§ **Task item**
Could you restate word for word only the lines below from the one holding "Fluff Gourmet Cherry Lime Cotton Candy" to the one holding "Saint Laurent Manteau Manche Monte Coat | Thumbnail 5 Saint", inclusive, and leave out the pictures?

§ **Data extract**
━━━━━━━━

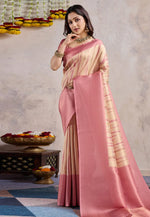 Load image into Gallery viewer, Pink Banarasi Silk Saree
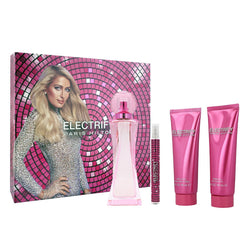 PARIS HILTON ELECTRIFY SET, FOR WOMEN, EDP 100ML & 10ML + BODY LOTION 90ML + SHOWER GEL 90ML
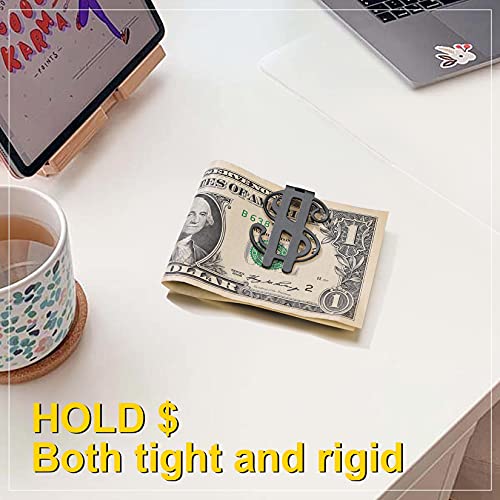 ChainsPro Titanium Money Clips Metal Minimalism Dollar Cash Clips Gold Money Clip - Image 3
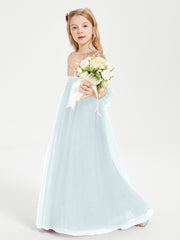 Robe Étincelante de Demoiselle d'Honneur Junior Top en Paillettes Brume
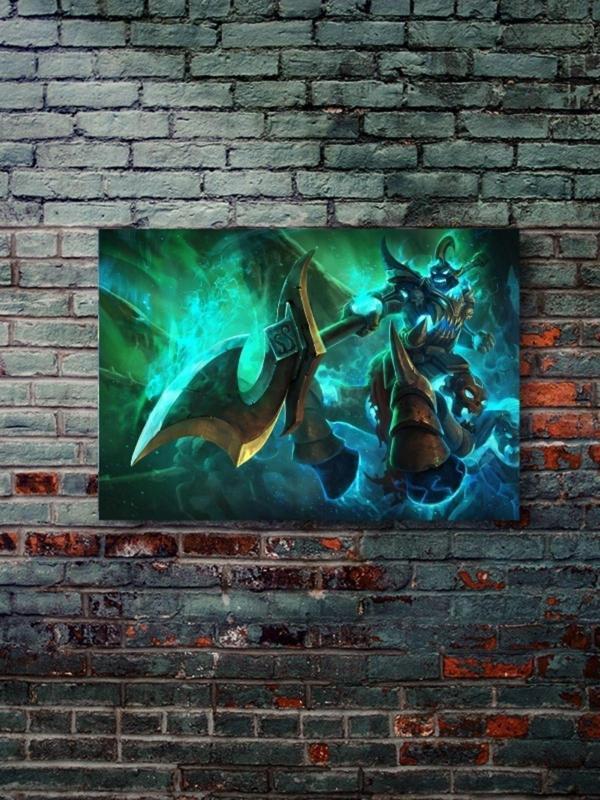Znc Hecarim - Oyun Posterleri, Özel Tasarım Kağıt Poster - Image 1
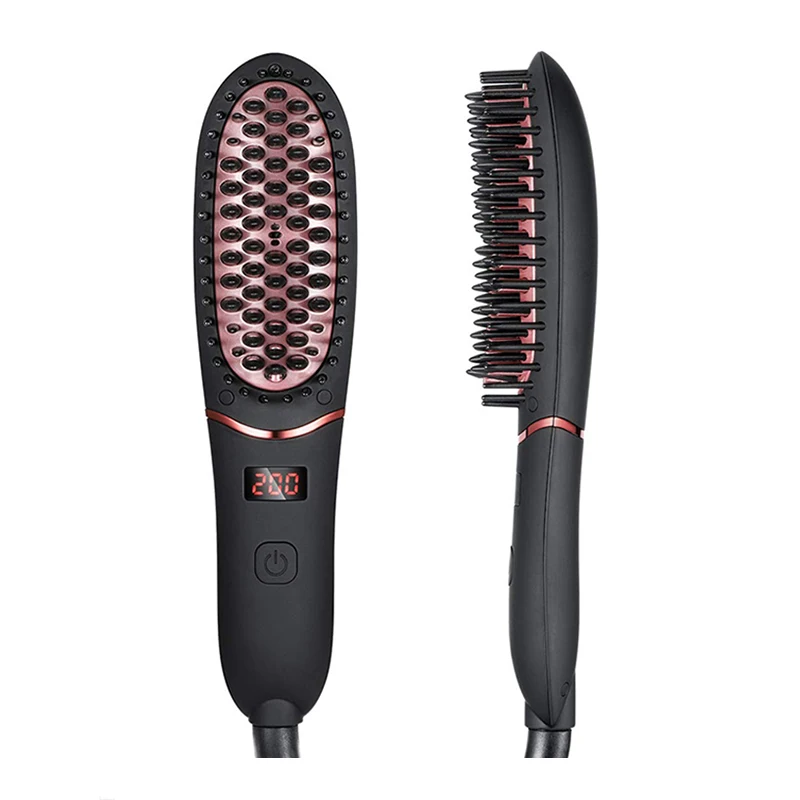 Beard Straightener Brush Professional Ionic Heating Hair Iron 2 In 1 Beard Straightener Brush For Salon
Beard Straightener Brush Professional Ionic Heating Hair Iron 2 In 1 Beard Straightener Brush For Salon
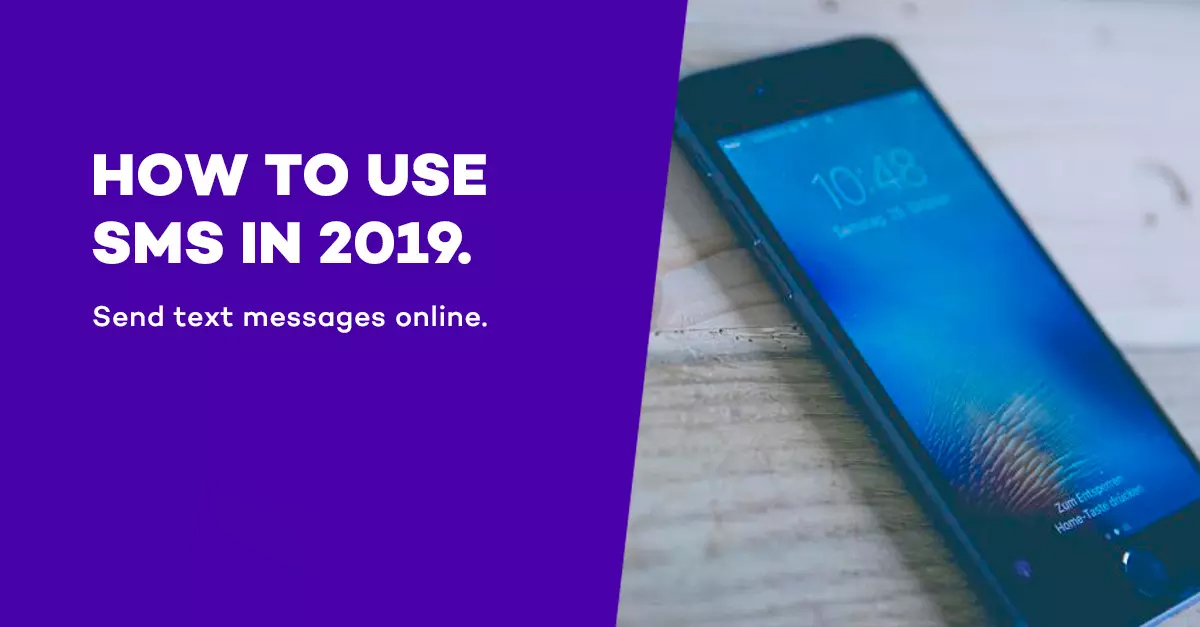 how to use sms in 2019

━━━━━━━━

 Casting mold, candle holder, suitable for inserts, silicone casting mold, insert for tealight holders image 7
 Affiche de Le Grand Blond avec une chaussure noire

━━━━━━━━

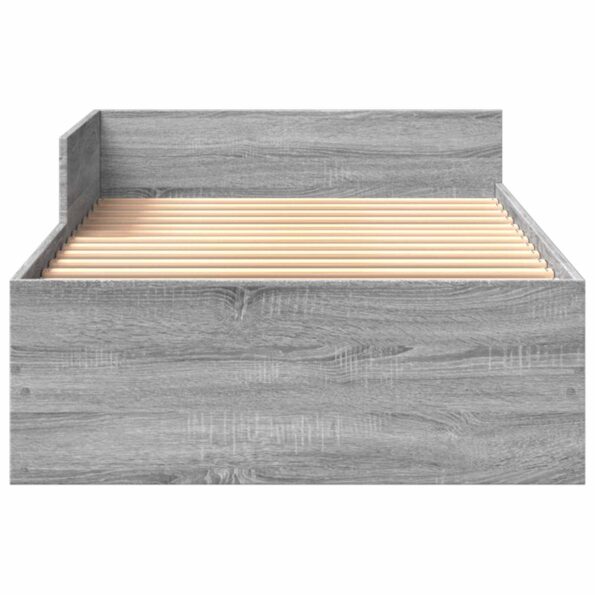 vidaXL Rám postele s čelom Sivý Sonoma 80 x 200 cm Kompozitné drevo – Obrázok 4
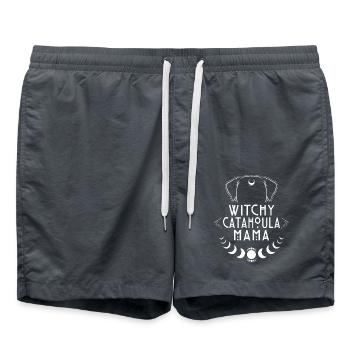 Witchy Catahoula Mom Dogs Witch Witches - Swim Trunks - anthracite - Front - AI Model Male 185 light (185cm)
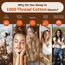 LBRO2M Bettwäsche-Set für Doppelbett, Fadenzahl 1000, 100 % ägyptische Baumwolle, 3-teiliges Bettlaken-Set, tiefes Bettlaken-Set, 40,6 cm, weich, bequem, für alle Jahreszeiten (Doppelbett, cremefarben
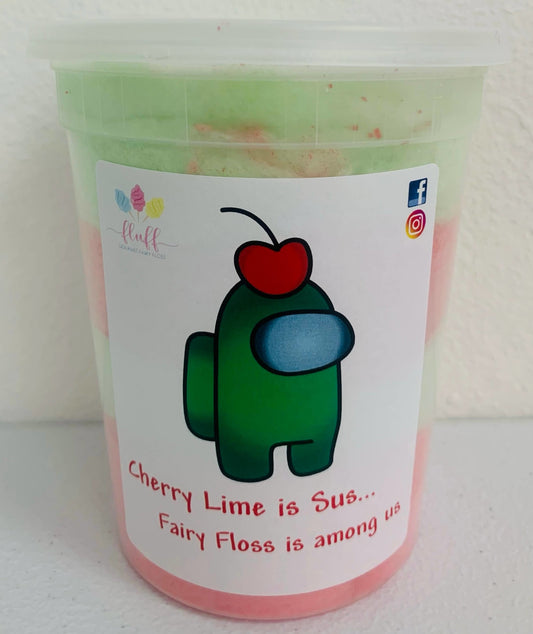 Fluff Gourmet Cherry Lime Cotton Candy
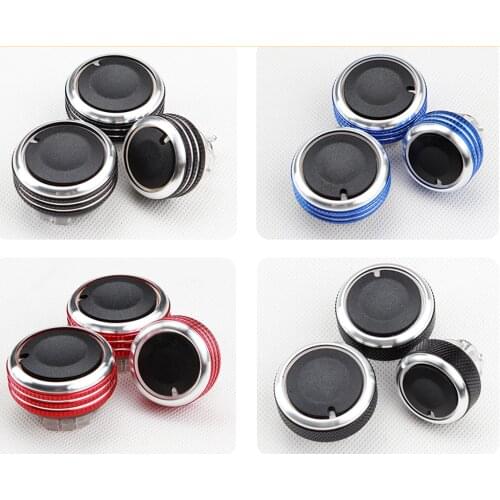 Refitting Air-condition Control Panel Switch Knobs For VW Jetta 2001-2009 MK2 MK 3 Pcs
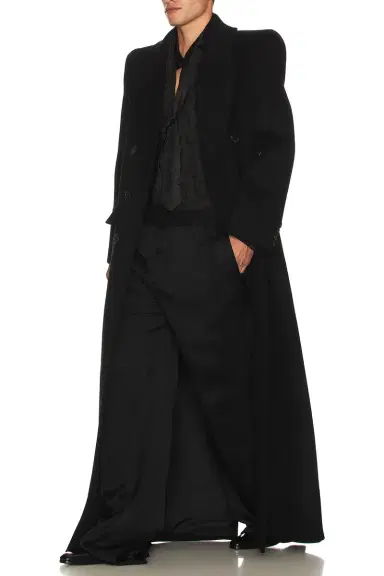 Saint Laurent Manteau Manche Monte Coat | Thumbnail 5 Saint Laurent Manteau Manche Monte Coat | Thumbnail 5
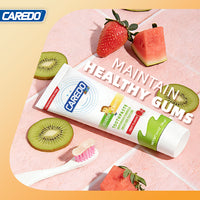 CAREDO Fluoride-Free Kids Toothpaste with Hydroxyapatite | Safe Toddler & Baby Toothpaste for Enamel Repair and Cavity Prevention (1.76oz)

━━━━━━━━

§ **Answer space**
 Fluff Gourmet Cherry Lime Cotton Candy
 Refitting Air-condition Control Panel Switch Knobs For VW Jetta 2001-2009 MK2 MK 3 Pcs
 Saint Laurent Manteau Manche Monte Coat | Thumbnail 5 Saint Laurent Manteau Manche Monte Coat | Thumbnail 5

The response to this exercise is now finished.